• [Your task] Output each entry verbatim and exclude every picture from it.

• [Data entries]
╭──

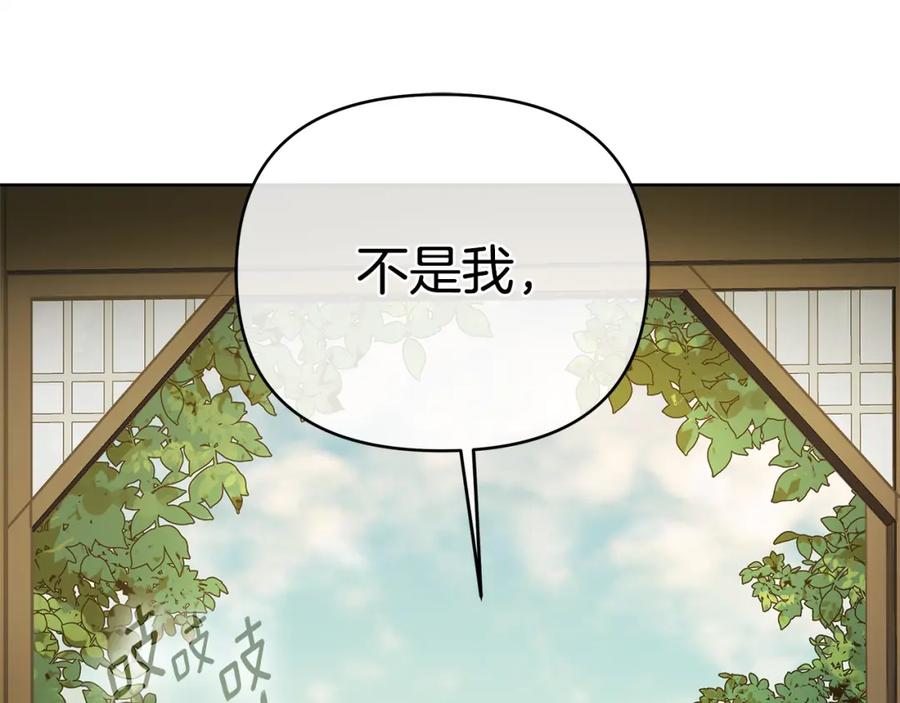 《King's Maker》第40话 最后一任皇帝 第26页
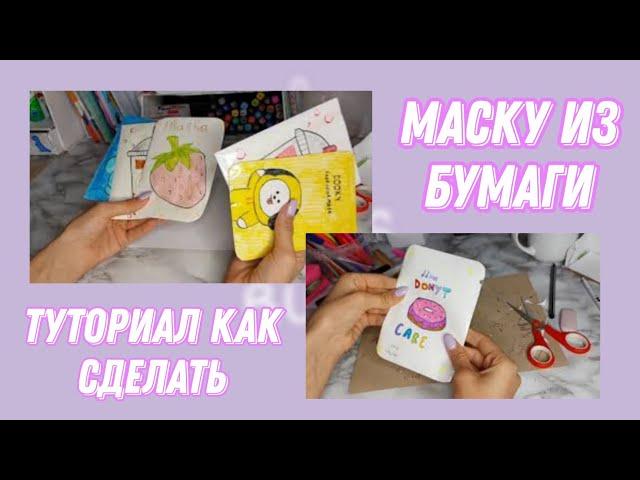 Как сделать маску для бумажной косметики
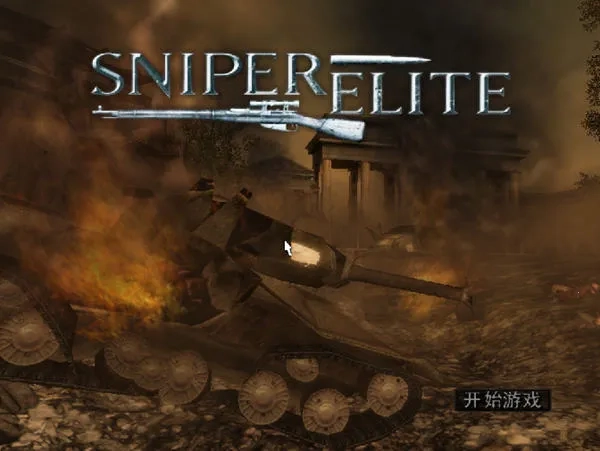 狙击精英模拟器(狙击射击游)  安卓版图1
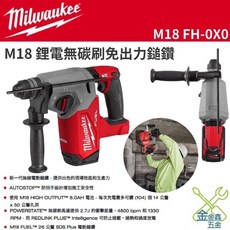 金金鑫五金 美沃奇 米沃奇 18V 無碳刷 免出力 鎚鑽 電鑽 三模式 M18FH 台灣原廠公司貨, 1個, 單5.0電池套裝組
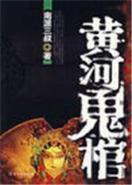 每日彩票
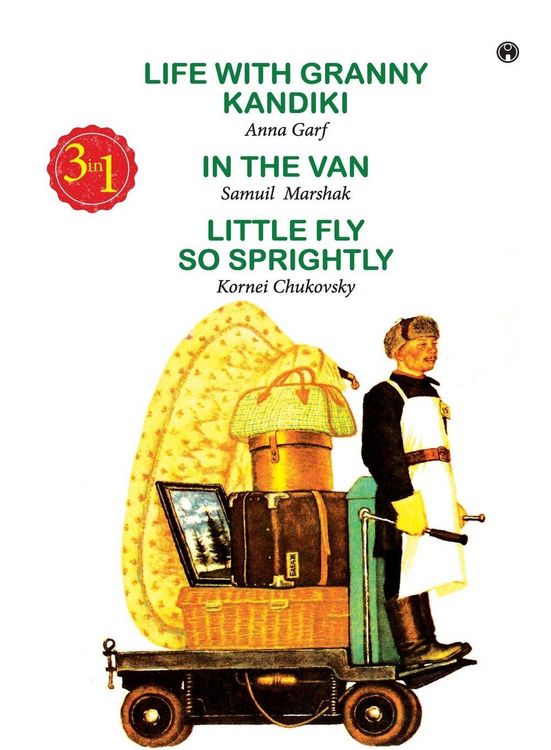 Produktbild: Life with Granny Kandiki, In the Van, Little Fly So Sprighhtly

╰──

• [Solution for this problem]
 《King's Maker》第40话 最后一任皇帝 第26页
 Как сделать маску для бумажной косметики
 狙击精英模拟器(狙击射击游)  安卓版图1
 金金鑫五金 美沃奇 米沃奇 18V 無碳刷 免出力 鎚鑽 電鑽 三模式 M18FH 台灣原廠公司貨, 1個, 單5.0電池套裝組
 每日彩票
 Produktbild: Life with Granny Kandiki, In the Van, Little Fly So Sprighhtly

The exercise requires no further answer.